The proposed attempt by the Central Bank of Russia (CBR) to ban digital currencies and related operations in the country has been identified by Fitch Ratings, a platform that publishes ratings, criteria, and methodologies on global economic issues, as a double-edged move that has its ups and downs. 


The Good and Bad the Russian Ban Could Stir

According to Fitch, the CBR’s crypto ban can help forestall the risks that cryptocurrencies can pose to the broader financial ecosystem in the country. This will help provide a good soft landing for the Central Bank Digital Currency (CBDC) or Digital Ruble the CBR is looking to introduce.

However, President Vladimir Putin reportedly backs the proposal of crypto mining, rejecting the suggestion of a total ban of crypto from CBR, according to Bloomberg. Kremlin did not comment on Putin’s stance yet. 

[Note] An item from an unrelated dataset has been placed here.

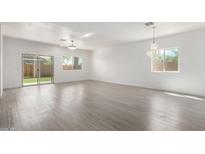 Bright, open living room featuring hardwood floors and a sliding glass door at 947 E Wiley Way, Casa Grande, AZ 85122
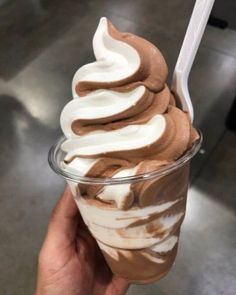 a hand holding up a cup with ice cream and chocolate on the top, topped with whipped cream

Russia enjoys the third-largest crypto mining status, after the U.S. and Kazakhstan. Previously, Blockchain.News reported that the CBR wanted to place a blanket ban on cryptocurrencies, cryptocurrency-based transactions, and Proof-of-Work (PoW) mining activities in the country. While the plan has been staunchly opposed by top tech and political oligarchs in the country, the CBR seems resolute in trailing China which placed a similar ban on the nascent asset class last year.

While the ban will eliminate risks, as pointed out, should the CBR have its way in banning the asset class, Fitch said the central bank will increase its “capacity to monitor and manage financial flows, which the growth of cryptocurrency transactions might otherwise erode.”

Per the implications of the ban and coupled with the proposed CBDC introduction, deposits in banks are poised to be impacted as well as a stump on technological innovations in the country.

“We believe the introduction of the CBDC may result in some deposit outflows from the banking system, modestly increasing competition for funding and raising interest rates,” the report reads, adding the ban “could set back Russian banks’ engagement with the technologies underlying the cryptocurrency sector.”

Russian Crypto Ban Still Hangs in the Balance

The ban on cryptocurrencies is a much-debated social, economic and financial issue in Russia, whose crypto ecosystem is estimated to be worth about $5 billion annually. While the proposed ban has been widely publicized, it is not yet in effect, and its hopes rest on the comment that is being solicited from members of the public.

Many countries, including India, have explored banning crypto for a long time; However, the authorities are exploring a more proactive measure to engage with the growing industry through comprehensive regulations that are still in the works.